====== DATA BLOCK ======

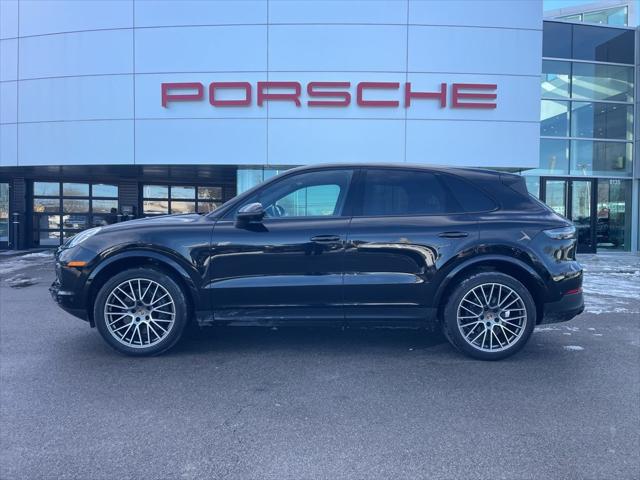 2023 Porsche Cayenne Platinum Edition
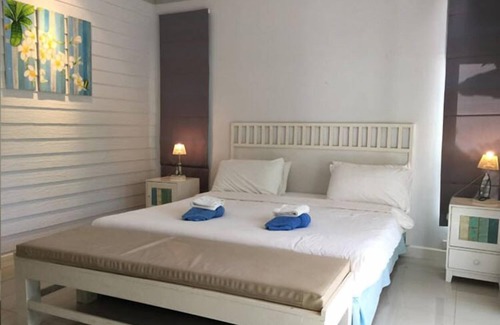 Ko Phi Phi Hotel | P.P. Blue Sky Resort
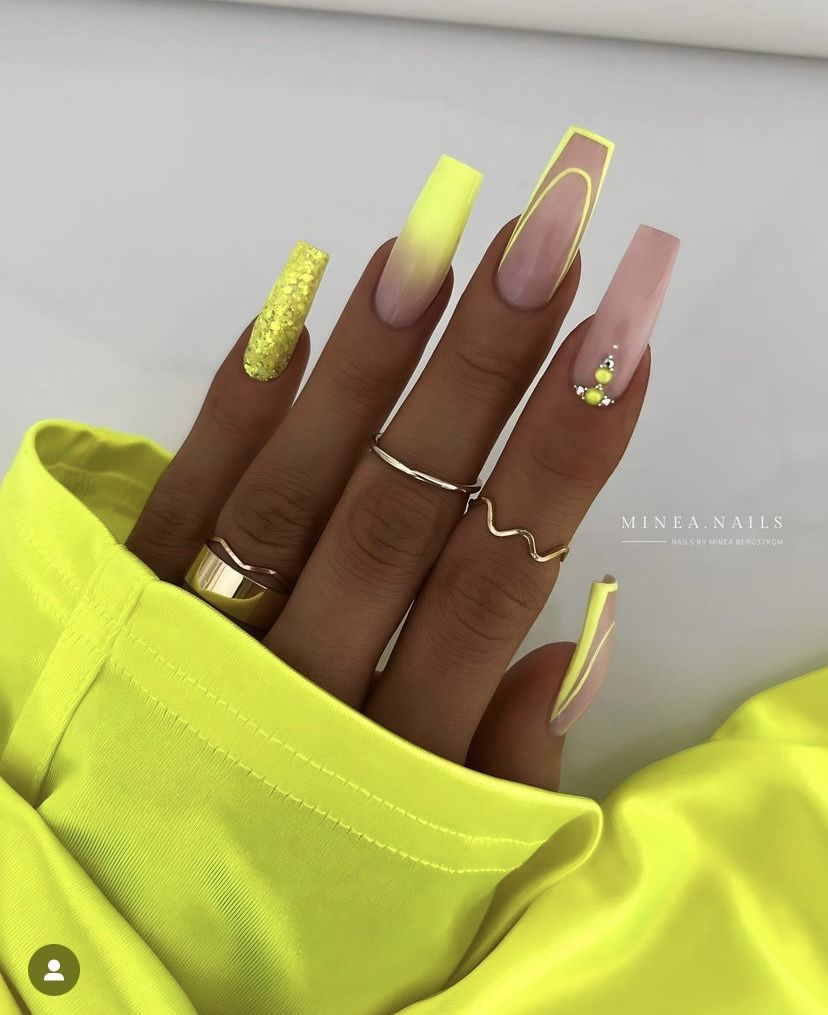 ongle fluo été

======

# EXERCISE DIRECTIONS:
Leaving images out, please output every line of the data exactly.

# OUTPUT:
 2023 Porsche Cayenne Platinum Edition
 Ko Phi Phi Hotel | P.P. Blue Sky Resort
 ongle fluo été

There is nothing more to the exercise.